Open-Linked Data

De NomoloGy
Aller à : navigation, rechercher

What are Linked Data and Linked Open Data?


Ontotext > Knowledge Hub > Fundamentals > What are Linked Data and Linked Open Data?

What are Linked Data and Linked Open Data?

Linked Data is one of the core concepts and pillars of the Semantic Web, also known as the Web of Data. The Semantic Web is all about making links between datasets understandable not only to humans but also to machines, and Linked Data provides the best practices for making those links. Linked Data is a set of design principles for sharing machine-readable interlinked data on the Web.

How are you going to connect Linked Data without a Graph Database Tool?

The Linked Data Rules of the Game

The more things, concepts, objects, persons, locations are connected together, the more powerful the Web of Data is. However, in order to link, merge and integrate huge sets of data from disparate raw sources, the Linked Data movement needs basic guidelines to stick to.

The inventor of the World Wide Web and the creator and advocate of the Semantic Web and Linked Data, Sir Tim Berners-Lee, laid down the four design principles of Linked Data as early as in 2006.

1. Use URI as names for things.

The Uniform Resource Identifier (URI) is a single global identification, a kind of unique ID, for all things linked, so that we can distinguish between those things, integrate them without confusion, or know that one thing from one dataset is the same as another in a different dataset because they have one and the same URI.

2. Use HTTP URIs so that people can look up those names.

3. When someone looks up a URI, provide useful information, using the standards (RDF, SPARQL).

The Resource Description Framework (RDF) is a standard model for data publishing and interchange on the Web developed by the W3C. RDF is the standard used in a semantic graph database, also referred to as an RDF triplestore.

The semantic graph database is technology developed to store interlinked data and make sense of that interconnected data by semantically enriching the datasets. Unlike the relational database, the triplestore maps the various relationships between entities in graph databases. SPARQL, on the other hand, is the W3C-standardized query language for the RDF triplestore.

4. Include links to other URIs so that they can discover more things.

If you knew how easy it is to find new knowledge with graph databases you would never go back to relational databases.

Linked Data vs. Open Data

Still, not all data is freely available and open for anyone to use and share. Open Data is data that can be freely used and distributed by anyone, subject only to, at most, the requirement to attribute and share-alike.

Open Data does not equal Linked Data. Open Data can be made available to everyone without links to other data. At the same time, data can be linked without being freely available for reuse and distribution.

Therefore, the efforts of the W3C community and all advocates of data openness are channeled to enrich Linked Open Data cloud (LOD) .

Linked Open Data

Linked Open Data is a powerful blend of Linked Data and Open Data: it is both linked and uses open data sources. A graph db for instance is able to handle huge raw datasets from various sources and link them to Open Data, which provides richer queries and findings in data management and analysis. One notable example for a linked open data source is DBpedia, a crowd-sourced community effort to extract structured information from Wikipedia and make this information available on the Web.

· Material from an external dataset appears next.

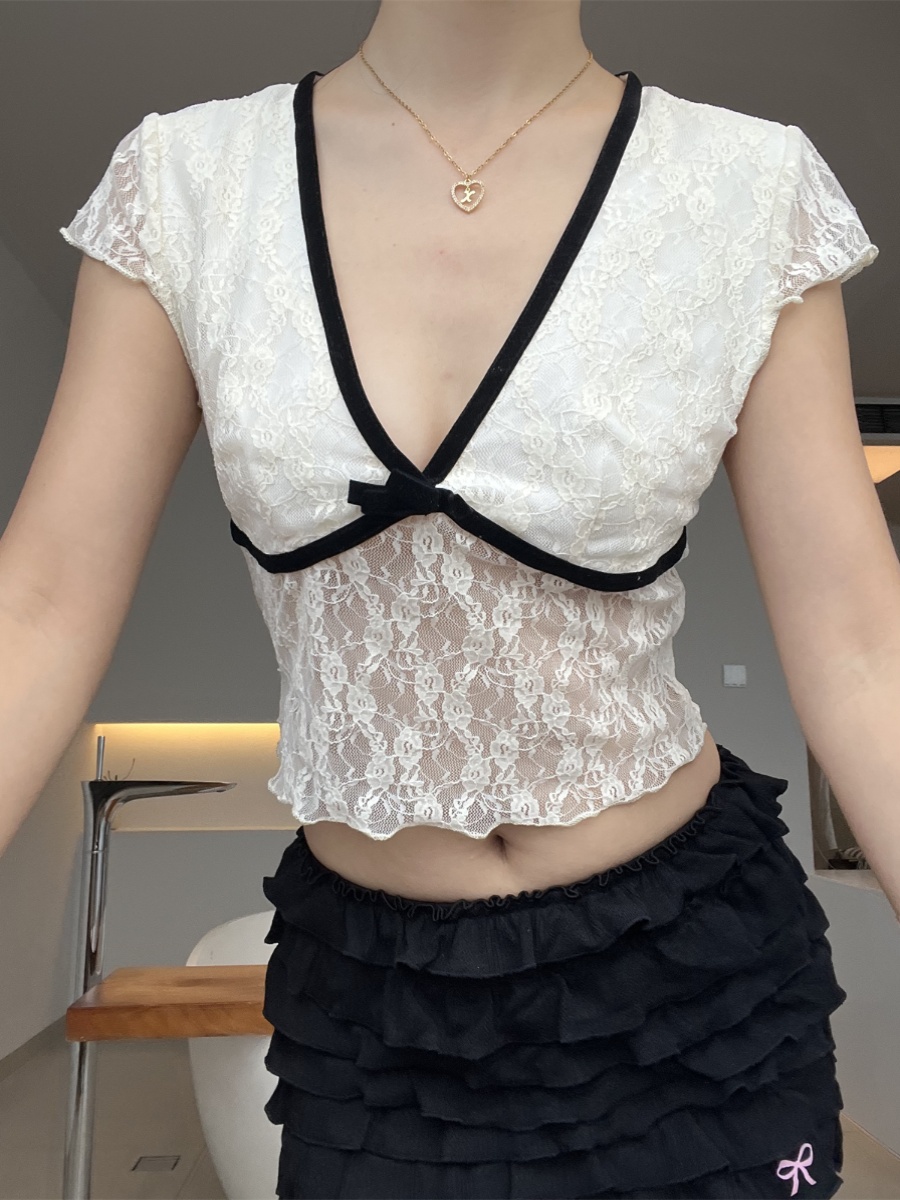 Color-Block V-Neck Lace Bow Chest Design Pullover Crop Short Sleeve T-Shirt for Women - Y2K Inspired Fashion Top Color-Block V-Neck Lace Bow Chest Design Pullover Crop Short Sleeve T-Shirt for Women - Y2K Inspired Fashion Top
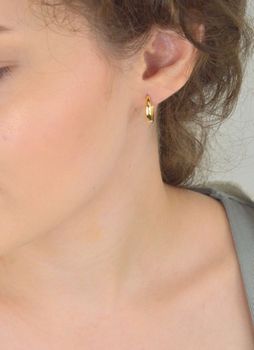 Eleganckie złote kolczyki damskie próby 585 o wadze 2,66g. Klasyczne kółeczka z wygodnym zapięciem na zatrzask – model DIA-KLC-13653-585. Idealne na co dzień i wyjątkowe okazje (3).JPG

The Benefits of Linked (Open) Data

Linked Data breaks down the information silos that exist between various formats and brings down the fences between various sources. Linked Data makes data integration and browsing through complex data easier, due to the standards it adheres to. Those guidelines also allow for easy updates and extensions of the data models.

Representing data in a linked way under a set of global principles also increases data quality. In addition, the semantic graph database for representing Linked Data creates semantic links between varied disparate sources and formats and infers new knowledge out of existing facts.

Furthermore, linking open datasets enhances creativity and innovation as all developers, citizens and businesses can use all those datasets to put things into context and create knowledge and apps. For example, Linked Open Data encourages the creation of applications to discover the best neighborhood to live in, based on data on schools, transportation, office buildings and clubs/parks in the area.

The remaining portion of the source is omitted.